--- THE INPUT ---

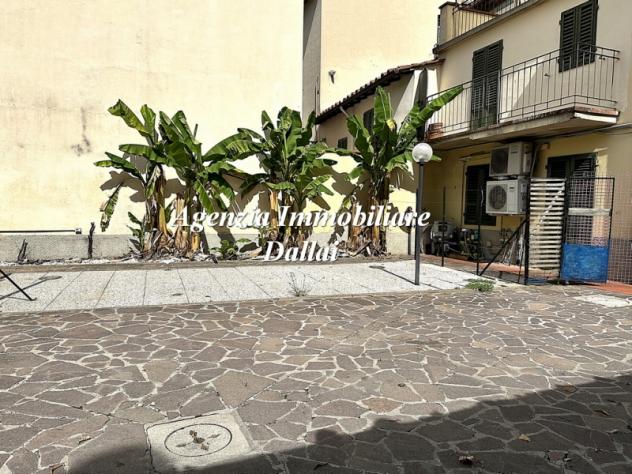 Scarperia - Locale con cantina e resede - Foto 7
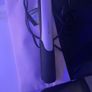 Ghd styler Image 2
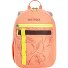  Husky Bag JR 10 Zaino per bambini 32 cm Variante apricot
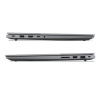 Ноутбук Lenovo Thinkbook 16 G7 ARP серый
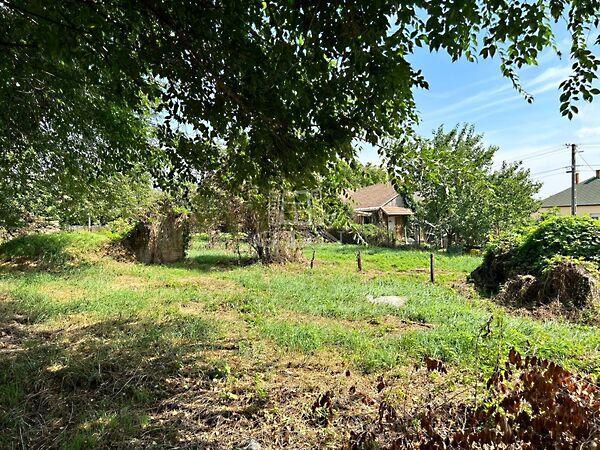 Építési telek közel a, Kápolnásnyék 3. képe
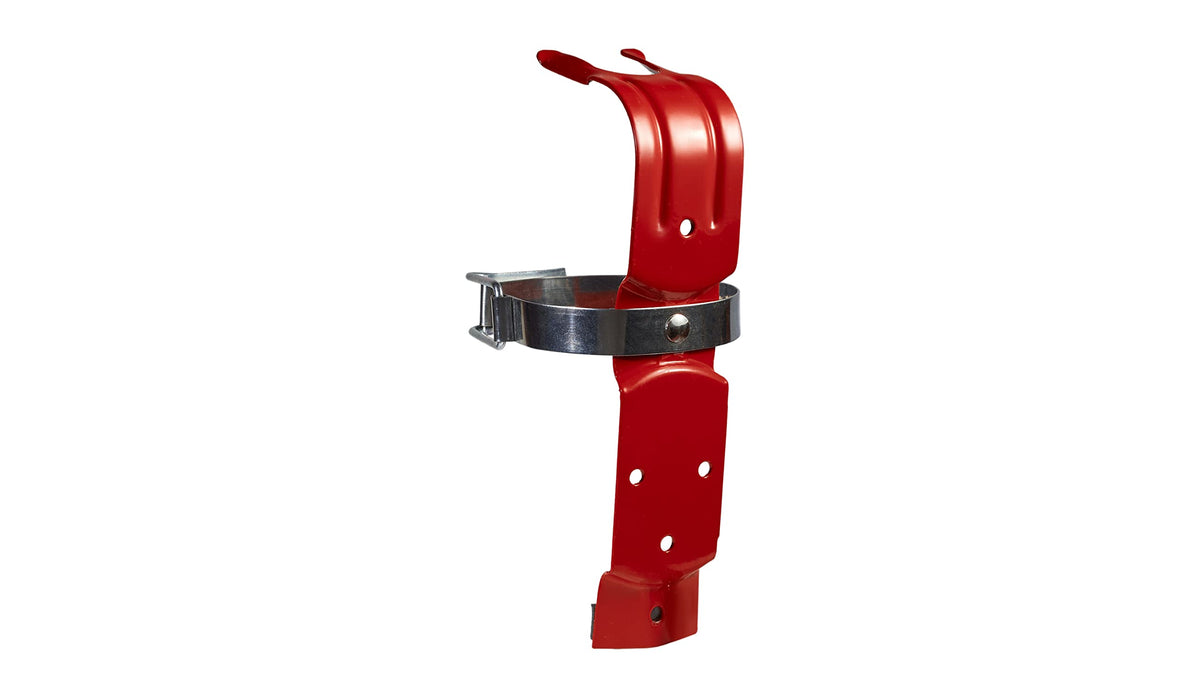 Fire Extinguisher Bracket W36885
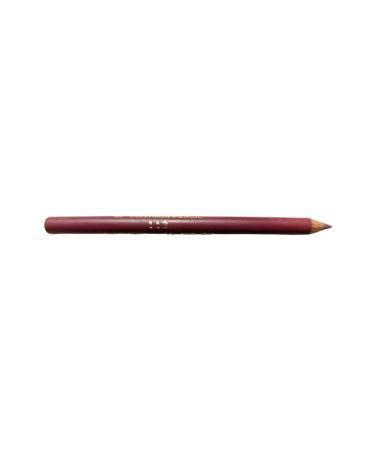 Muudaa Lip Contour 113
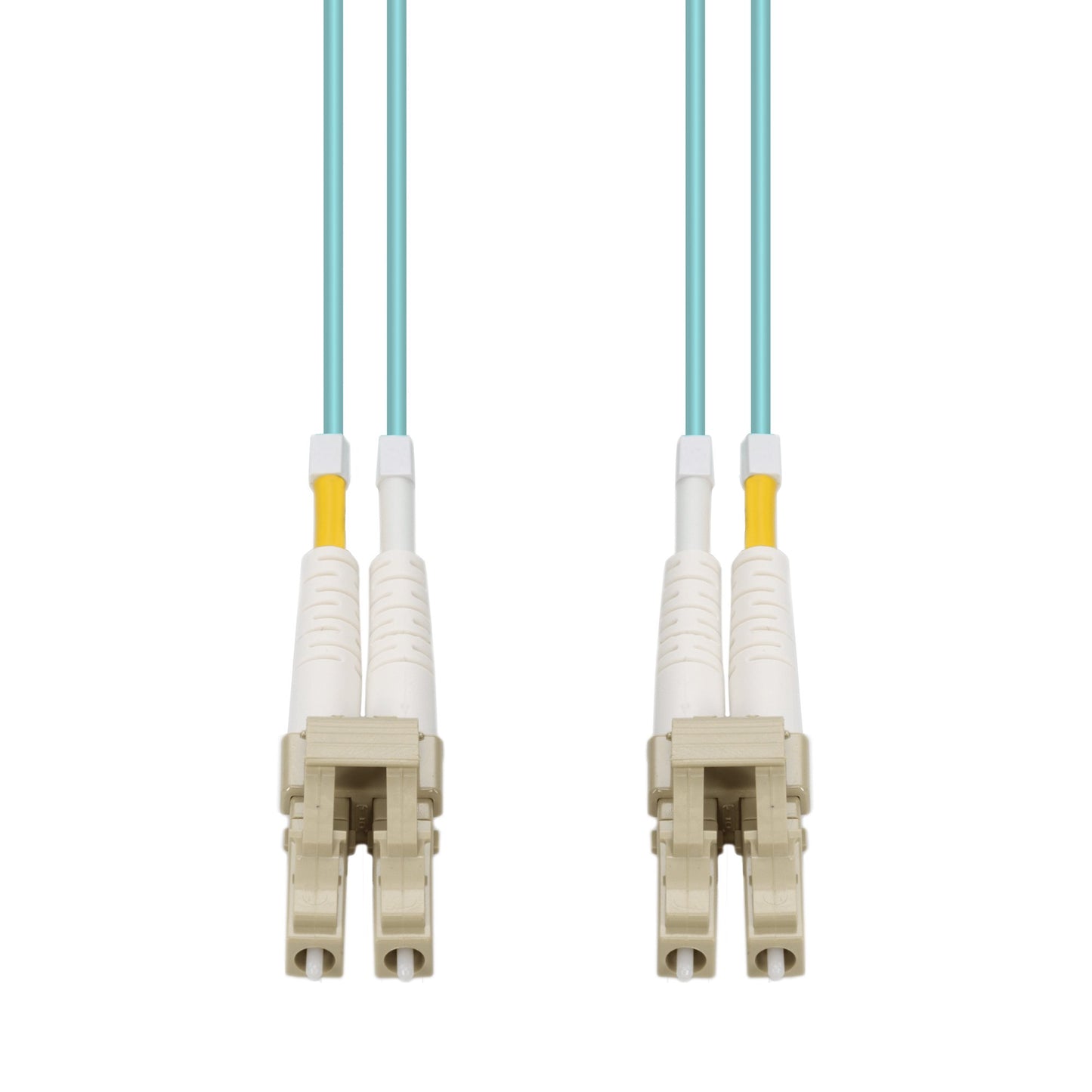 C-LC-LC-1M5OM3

---
--- THE INPUT ---

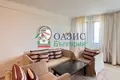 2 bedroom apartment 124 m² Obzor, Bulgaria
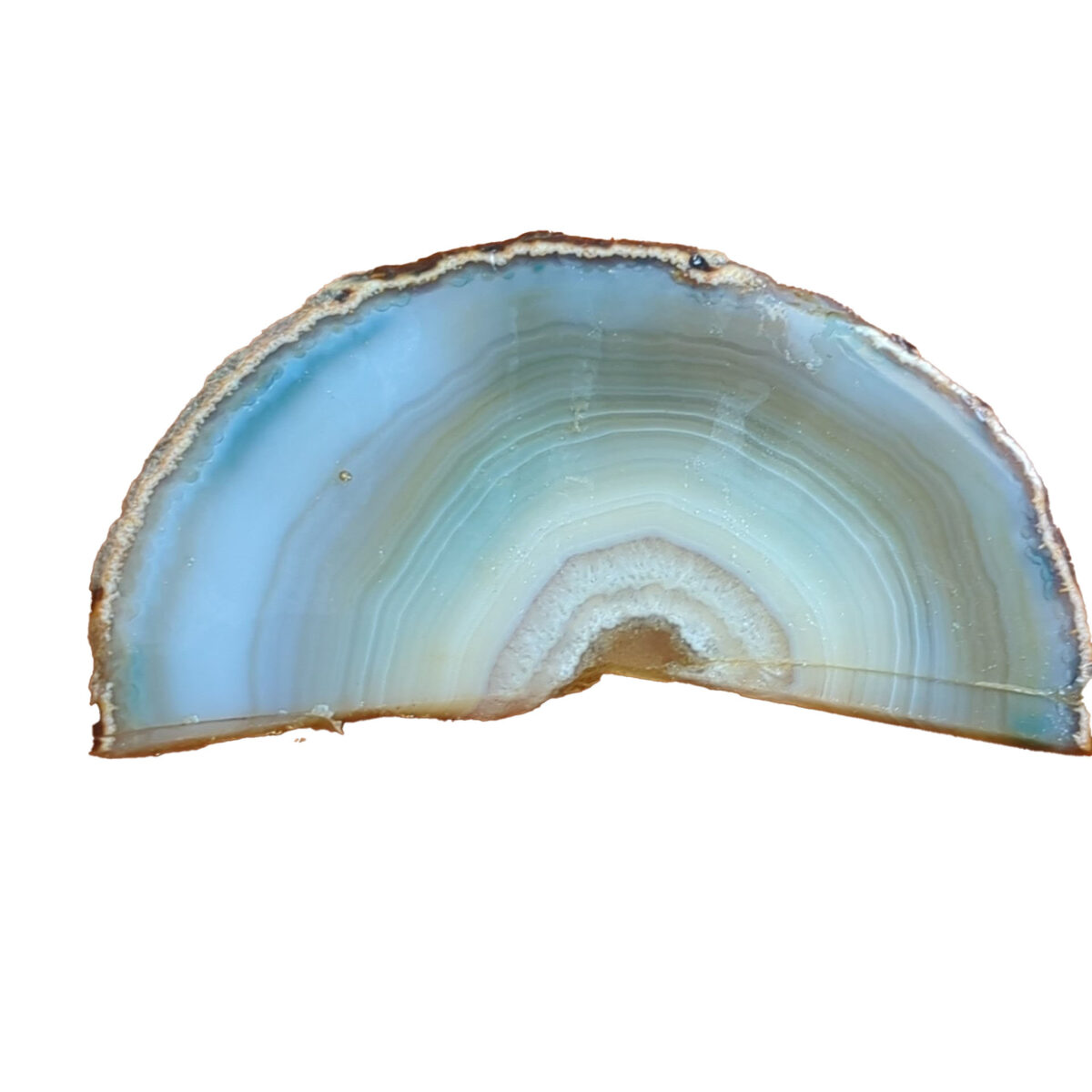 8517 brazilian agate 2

---
--- THE INPUT ---

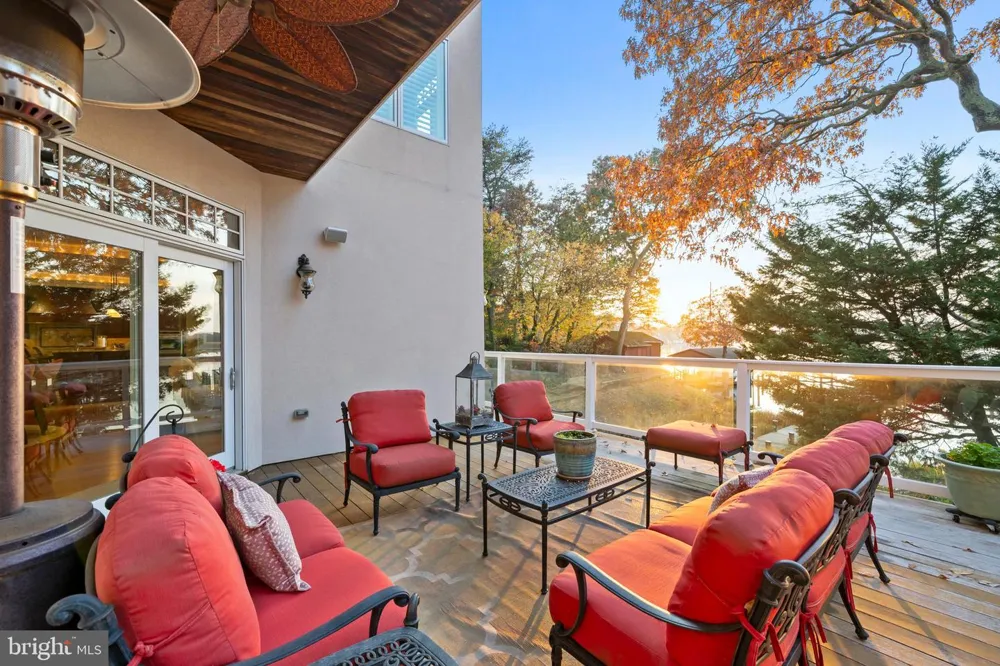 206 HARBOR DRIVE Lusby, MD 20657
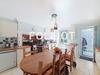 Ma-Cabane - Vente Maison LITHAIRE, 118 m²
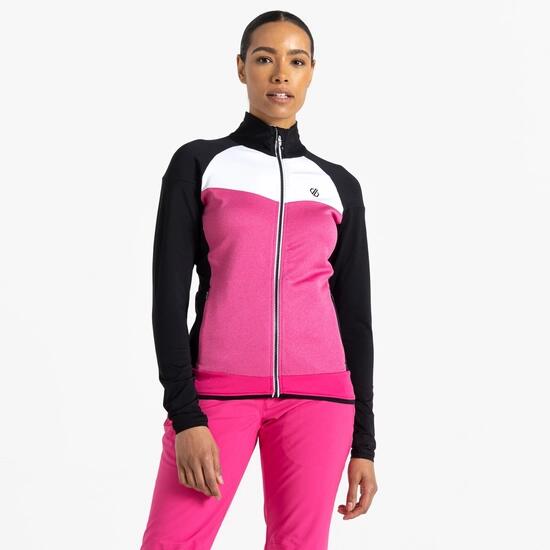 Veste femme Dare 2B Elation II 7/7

---

YOUR OBJECTIVE
Starting at the line containing "Ноутбук Lenovo Thinkbook 16 G7 ARP серый" and stopping at the line containing "C-LC-LC-1M5OM3", output each line exactly as it appears above. Leave out the pictures.

WRITTEN REPLY
 Ноутбук Lenovo Thinkbook 16 G7 ARP серый
 Építési telek közel a, Kápolnásnyék 3. képe
 Fire Extinguisher Bracket W36885
 Muudaa Lip Contour 113
 C-LC-LC-1M5OM3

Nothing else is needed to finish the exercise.